834 views1 Upvote8 Comments

Senior Director of Software, Applications and Analytics in Software, 5,001 - 10,000 employees
I view compliance as non nonfunctional requirements that have to go into every single backlog. Security, on the other hand, needs to go into every single item within the backlog. So it's not like a checklist at the end when you're done something, it is part of everything that you do. Stepping out a little bit more, the architecture is key. People get wrapped around the axle with tools, and they want to build these pipelines for the latest and greatest things. All of a sudden, they think, "We're going to turn this thing on, and we're going to be so much more efficient." But then they forget that their code is not as agile as their pipeline. A one-line change can easily take two hours to build inside of a pipeline, because your code is not as efficient as the pipeline. But it’s the same thing with security architecture, there needs to be consideration for how to build that in, into some type of way that services and optimizes the development in itself. That's how it's far different from compliance. It has to be built in. You have to take a step back and realize where you need to build that in, just as much as you need to build the agility into your code base.
2
President and National Managing Principal in Software, 501 - 1,000 employees
Compliance does not equal security. Security has got to be so much more. However, if you get three different security professionals in the room and ask them to define “what is secure”, you'll probably get four or five different opinions. So, at a certain point, customers, users, stakeholders, everyone needs to understand where the security controls, processes, etc., sit. Compliance allows you a tool to measure and report that. Compliance can also help weed out the riff raff. For example, you have to have a clean report to get to your CMMC level three if you want to do business with the defense department. That creates a barrier and a line where the companies that just use security as an afterthought may not make it through. You have to have compliance in there, otherwise, what is it? You have needs, you have criteria, but what are you measuring people against? How can you compare two different organizations, when you're looking at them?
Staff Security Engineer in Software, 11 - 50 employees
This makes me think of a quote, "The reasonable man adapts himself to the world. The unreasonable man persists in trying to adapt the world to himself. Therefore, all progress depends on the unreasonable man." That kind of goes against some of the philosophy that the best thing to do is to get a consensus. But, at the same time, you have to try to push the barriers of what people think is reasonable. If you don't make that effort, if you're not trying to put improvements in place, if you're not expanding what people think about, when they're trying to build applications, to add in the security now rather than after the fact, then they're not going to think about it. The consensus of, "This is good enough," will prevail. You end up not making any progress. If you've got a company that's going for compliance, you have to push them to go a step farther and really think about it, and engage with it, and turn that into a security practice, instead of, "Let's get enough check boxes done that maybe our customers will give us money and go away."
3 Replies
President and National Managing Principal in Software, 501 - 1,000 employees

So basically what you're saying is compliance was invented for unreasonable men, right?
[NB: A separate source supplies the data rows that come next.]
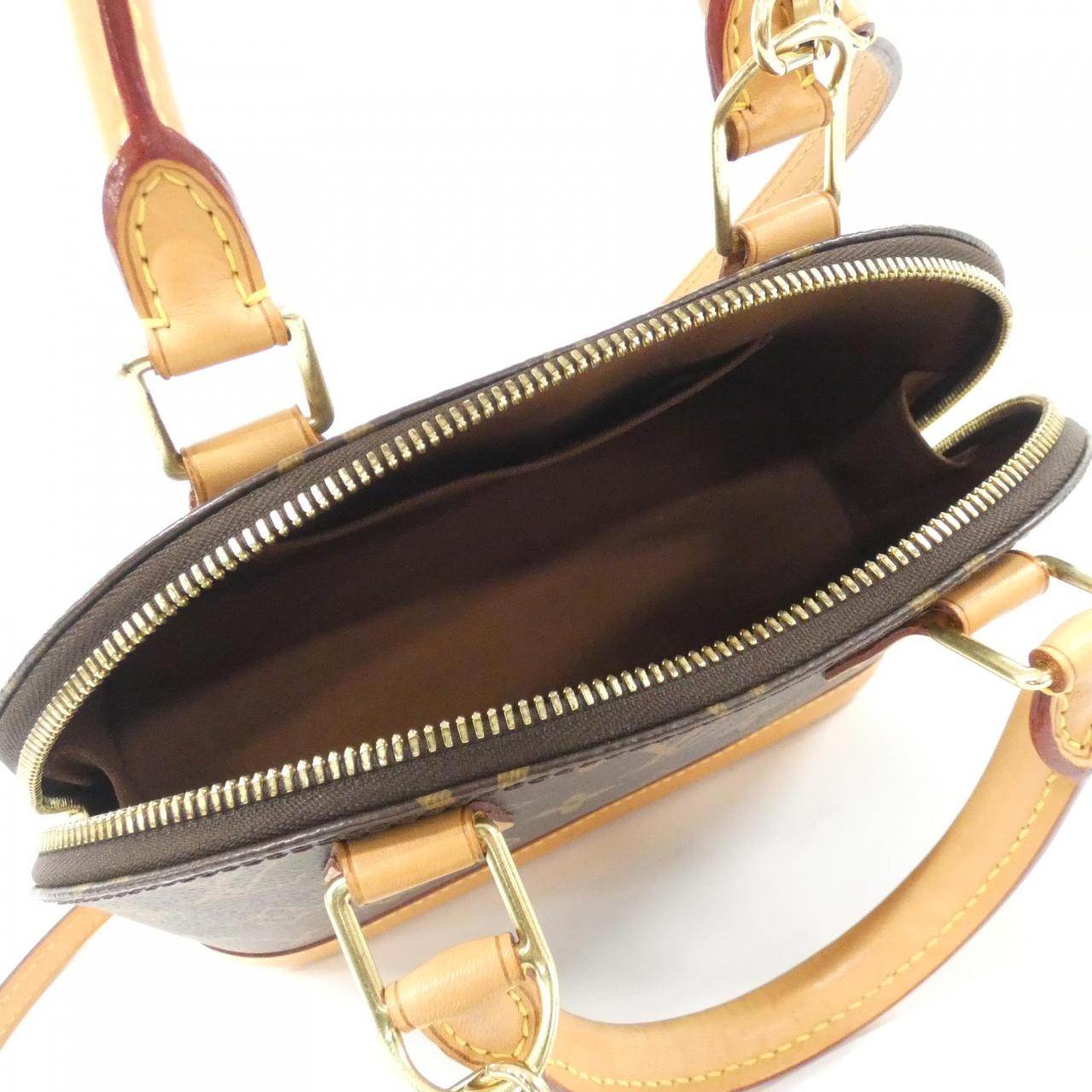 ルイヴィトン モノグラム アルマBB M53152 バッグ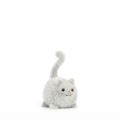 Jellycat Grey Kitten Caboodle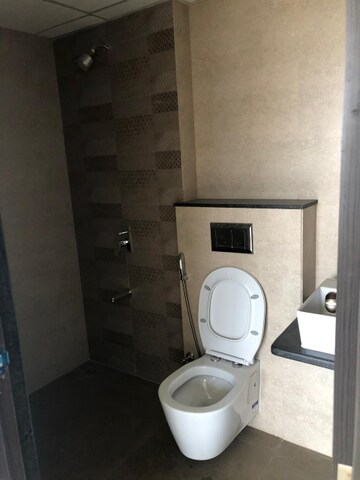 Bathroom in 1 BHK Apartment at Mahindra Roots, Kandivali East – for Sale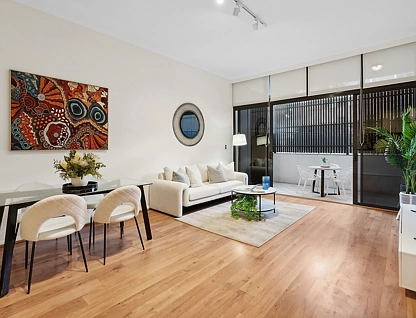 3&3a/9 Herbert Street, St Leonards, Lower North Shore, 3部屋, 3バスルーム, Apartment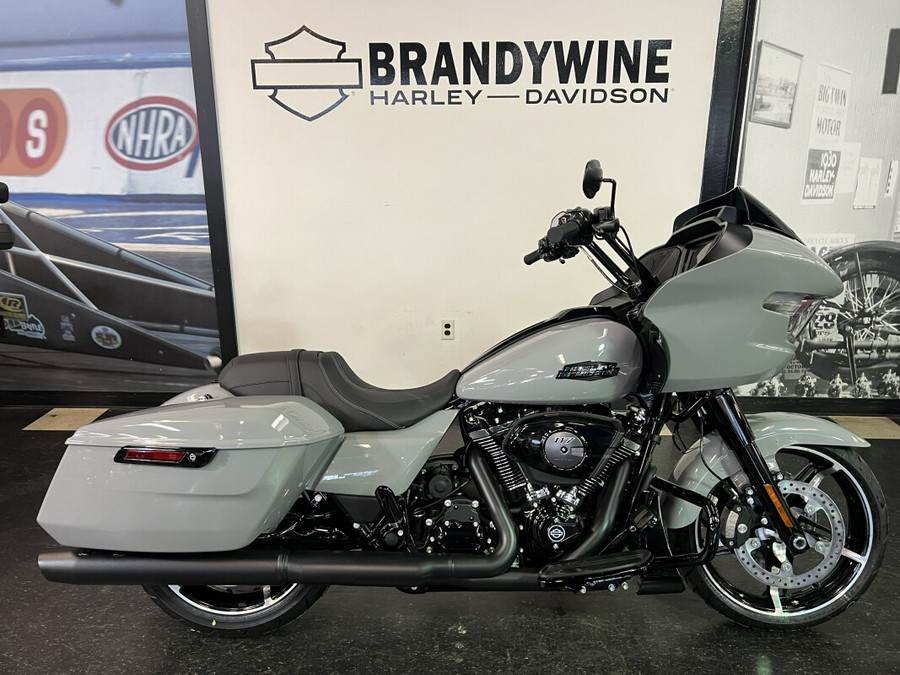 2024 Harley-Davidson Road Glide® Billiard Gray FLTRX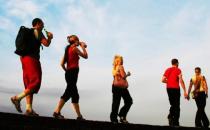 11个走路技巧让脂肪加速燃烧！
Staff Security Engineer in Software, 11 - 50 employees

It's interesting. I'm sure you, Doug, have a lot deeper understanding than I do being an auditor, but to me, compliance can be a good jumping off point. You know, you look at whatever the certification is, and you've got a generic set of must-haves. Then once you take all of those and you start interacting with your environment and your product, that's where you get security.

CTO in Software, 11 - 50 employees

I'd say compliance was invented to provide a bit of defense against unreasonable lawyers, and legal stances. "Here's my stance on the company, and here's what we do, and we're compliant with everything. If you want to challenge our compliance, then we've adhere to these set of rules." Security is much more, let's call it flexible.

Director in Manufacturing, 1,001 - 5,000 employees
Our stance would be compliance to standards means less post deployment corrections. And perhaps less simple security issues. It definitely does not mean DecOps are secure. I would consider them cousins. They both need to be at the party
Senior Information Security Manager in Software, 501 - 1,000 employees
No. 

Security and compliance are two elements on a Venn diagram. There is often a lot of overlap between them. But one can be 100% compliant and be insecure, or quite secure but non-compliant.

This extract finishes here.